- _What to work on_: Count the lines below that include "Kids". Only the number should be given.
BEGIN Records for the task
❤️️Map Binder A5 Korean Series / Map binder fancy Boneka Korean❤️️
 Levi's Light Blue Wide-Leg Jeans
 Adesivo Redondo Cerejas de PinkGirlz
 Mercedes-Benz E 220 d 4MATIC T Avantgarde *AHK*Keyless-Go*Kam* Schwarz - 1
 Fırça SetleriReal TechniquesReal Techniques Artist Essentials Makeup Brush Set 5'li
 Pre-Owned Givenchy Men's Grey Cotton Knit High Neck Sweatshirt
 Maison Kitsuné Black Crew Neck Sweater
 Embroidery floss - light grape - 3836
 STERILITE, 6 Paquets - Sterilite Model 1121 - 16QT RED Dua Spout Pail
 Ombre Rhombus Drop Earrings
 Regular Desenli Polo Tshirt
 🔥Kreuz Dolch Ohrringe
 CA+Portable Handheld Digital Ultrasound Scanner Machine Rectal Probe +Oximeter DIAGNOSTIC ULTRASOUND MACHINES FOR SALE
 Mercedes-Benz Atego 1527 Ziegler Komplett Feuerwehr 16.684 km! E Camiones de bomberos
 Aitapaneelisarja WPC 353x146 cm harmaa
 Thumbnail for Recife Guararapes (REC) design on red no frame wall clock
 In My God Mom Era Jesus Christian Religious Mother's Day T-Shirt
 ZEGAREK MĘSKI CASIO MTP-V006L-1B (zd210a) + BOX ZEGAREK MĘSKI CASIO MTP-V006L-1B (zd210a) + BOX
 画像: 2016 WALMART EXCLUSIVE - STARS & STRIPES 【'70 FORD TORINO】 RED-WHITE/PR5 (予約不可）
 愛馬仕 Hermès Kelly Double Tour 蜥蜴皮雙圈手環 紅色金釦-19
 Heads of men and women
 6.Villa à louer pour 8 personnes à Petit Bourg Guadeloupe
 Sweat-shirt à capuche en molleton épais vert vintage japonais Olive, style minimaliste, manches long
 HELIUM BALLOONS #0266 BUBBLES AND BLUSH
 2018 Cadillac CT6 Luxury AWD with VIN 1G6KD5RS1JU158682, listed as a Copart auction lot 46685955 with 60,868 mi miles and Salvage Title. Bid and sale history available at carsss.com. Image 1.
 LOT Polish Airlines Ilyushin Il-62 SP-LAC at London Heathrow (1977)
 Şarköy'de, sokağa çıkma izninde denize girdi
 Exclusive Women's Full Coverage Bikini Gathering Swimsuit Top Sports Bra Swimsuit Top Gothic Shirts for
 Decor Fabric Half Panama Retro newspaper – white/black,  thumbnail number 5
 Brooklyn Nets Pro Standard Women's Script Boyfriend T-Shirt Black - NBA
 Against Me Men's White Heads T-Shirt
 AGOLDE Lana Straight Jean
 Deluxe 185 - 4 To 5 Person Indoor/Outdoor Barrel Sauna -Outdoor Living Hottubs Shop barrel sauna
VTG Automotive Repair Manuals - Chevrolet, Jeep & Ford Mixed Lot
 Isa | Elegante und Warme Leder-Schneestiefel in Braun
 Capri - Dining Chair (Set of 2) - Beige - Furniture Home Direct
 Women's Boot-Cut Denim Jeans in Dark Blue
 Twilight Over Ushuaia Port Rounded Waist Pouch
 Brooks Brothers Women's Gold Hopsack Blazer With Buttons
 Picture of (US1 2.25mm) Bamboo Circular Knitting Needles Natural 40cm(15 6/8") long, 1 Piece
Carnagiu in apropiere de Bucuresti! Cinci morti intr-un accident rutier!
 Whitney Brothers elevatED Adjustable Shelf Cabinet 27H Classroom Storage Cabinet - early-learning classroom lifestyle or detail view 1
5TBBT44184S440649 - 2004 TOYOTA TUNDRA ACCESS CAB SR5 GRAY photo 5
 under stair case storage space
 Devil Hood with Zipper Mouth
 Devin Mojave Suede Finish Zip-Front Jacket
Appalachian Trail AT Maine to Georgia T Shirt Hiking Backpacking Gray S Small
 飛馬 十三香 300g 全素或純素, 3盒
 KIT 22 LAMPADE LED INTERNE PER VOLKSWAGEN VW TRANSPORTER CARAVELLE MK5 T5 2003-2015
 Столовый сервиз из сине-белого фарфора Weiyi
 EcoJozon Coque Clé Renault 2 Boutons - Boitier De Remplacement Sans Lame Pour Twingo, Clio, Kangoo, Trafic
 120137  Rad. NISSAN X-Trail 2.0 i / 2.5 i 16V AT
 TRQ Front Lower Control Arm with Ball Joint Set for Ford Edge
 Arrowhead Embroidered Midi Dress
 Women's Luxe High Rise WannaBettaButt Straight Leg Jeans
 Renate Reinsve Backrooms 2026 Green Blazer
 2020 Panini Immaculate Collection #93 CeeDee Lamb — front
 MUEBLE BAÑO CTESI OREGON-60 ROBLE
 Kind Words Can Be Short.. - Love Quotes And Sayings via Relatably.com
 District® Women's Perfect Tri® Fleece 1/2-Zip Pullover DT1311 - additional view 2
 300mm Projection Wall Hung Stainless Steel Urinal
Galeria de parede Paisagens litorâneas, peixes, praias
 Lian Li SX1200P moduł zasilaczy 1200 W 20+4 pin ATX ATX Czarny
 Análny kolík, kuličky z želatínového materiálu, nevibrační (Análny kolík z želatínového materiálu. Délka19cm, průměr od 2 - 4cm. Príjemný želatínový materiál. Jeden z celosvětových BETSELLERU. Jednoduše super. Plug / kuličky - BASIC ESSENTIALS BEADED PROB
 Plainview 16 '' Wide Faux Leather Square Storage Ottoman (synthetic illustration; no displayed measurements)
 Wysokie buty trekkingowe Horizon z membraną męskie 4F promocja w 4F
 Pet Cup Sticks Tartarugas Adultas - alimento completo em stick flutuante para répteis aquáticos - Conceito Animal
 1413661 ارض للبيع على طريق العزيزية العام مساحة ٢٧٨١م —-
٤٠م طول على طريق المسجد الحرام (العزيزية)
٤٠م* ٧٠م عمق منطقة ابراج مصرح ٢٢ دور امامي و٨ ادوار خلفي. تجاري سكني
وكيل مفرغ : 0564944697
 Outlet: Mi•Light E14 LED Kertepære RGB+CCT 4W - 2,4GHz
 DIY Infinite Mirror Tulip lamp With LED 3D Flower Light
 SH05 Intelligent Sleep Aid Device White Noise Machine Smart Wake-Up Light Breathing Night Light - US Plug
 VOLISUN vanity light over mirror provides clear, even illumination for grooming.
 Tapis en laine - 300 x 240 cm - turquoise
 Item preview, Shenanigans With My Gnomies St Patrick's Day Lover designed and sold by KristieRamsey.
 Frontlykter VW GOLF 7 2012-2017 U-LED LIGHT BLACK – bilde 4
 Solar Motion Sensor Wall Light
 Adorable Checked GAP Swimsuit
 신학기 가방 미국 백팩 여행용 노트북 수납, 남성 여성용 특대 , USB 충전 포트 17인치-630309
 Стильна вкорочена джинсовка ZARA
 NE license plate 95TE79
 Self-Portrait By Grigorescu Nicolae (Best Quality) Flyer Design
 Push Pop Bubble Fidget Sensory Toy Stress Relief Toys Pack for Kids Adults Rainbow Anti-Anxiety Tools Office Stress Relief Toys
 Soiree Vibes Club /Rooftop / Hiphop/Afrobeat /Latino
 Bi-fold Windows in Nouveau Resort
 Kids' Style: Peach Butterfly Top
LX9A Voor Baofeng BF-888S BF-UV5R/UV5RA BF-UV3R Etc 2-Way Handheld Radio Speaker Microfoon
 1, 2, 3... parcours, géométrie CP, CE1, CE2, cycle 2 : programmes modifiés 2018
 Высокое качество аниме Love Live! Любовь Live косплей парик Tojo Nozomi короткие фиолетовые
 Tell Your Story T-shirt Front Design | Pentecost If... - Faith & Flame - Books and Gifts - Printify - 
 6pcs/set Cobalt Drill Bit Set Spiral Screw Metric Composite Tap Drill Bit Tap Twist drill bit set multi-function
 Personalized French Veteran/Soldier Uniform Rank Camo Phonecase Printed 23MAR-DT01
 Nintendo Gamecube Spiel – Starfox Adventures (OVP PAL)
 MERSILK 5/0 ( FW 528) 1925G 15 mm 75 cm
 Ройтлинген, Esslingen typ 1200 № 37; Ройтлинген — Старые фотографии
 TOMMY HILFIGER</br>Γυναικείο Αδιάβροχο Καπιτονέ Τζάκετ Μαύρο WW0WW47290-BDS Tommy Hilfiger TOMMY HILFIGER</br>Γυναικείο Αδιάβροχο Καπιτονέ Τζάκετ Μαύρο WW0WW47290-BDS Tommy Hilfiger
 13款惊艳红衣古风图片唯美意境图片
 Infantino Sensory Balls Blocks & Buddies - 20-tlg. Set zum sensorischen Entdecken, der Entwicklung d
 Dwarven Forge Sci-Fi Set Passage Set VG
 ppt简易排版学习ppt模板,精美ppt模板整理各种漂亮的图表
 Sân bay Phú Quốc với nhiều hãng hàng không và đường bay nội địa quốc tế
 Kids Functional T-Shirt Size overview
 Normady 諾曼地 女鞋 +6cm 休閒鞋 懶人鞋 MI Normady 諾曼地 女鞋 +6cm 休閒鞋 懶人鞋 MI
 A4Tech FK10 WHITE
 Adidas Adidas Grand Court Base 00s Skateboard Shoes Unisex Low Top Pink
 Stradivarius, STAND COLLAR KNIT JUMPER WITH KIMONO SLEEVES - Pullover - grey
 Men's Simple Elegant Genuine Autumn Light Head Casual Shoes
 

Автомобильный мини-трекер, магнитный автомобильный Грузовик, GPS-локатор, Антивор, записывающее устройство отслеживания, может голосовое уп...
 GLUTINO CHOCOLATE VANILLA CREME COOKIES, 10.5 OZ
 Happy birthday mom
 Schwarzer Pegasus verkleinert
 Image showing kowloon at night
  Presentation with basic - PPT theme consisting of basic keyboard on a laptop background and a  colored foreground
END Records for the task
- _The answer_: 3